• [Task objective] Starting with the line containing "A Lion And A Cub On The Grass" and going on through the line containing "Cats, Tiger, Roar, HD wallpaper", return the lines of the data below exactly, and only those.

• [Data under study]
=== Section Start ===
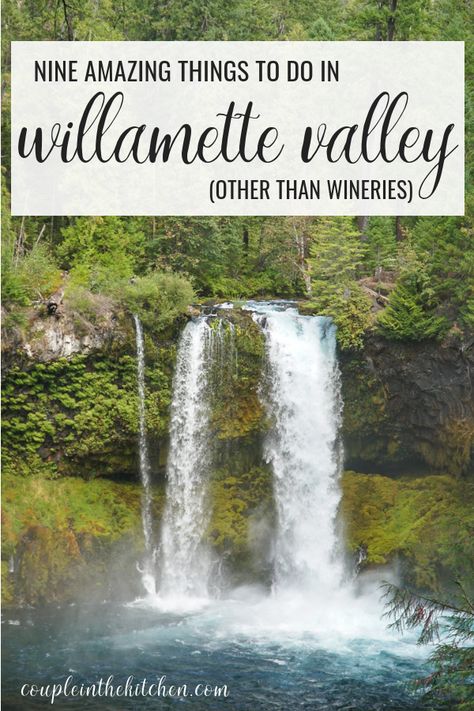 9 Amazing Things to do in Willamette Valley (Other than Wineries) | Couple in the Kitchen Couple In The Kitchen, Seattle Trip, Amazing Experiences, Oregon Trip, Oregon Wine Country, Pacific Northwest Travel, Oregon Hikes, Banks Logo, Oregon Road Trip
=== Section End ===
=== Section Start ===
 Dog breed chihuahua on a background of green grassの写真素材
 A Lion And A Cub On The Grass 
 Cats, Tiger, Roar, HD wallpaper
=== Section End ===
• [Solution to the problem]
 A Lion And A Cub On The Grass 
 Cats, Tiger, Roar, HD wallpaper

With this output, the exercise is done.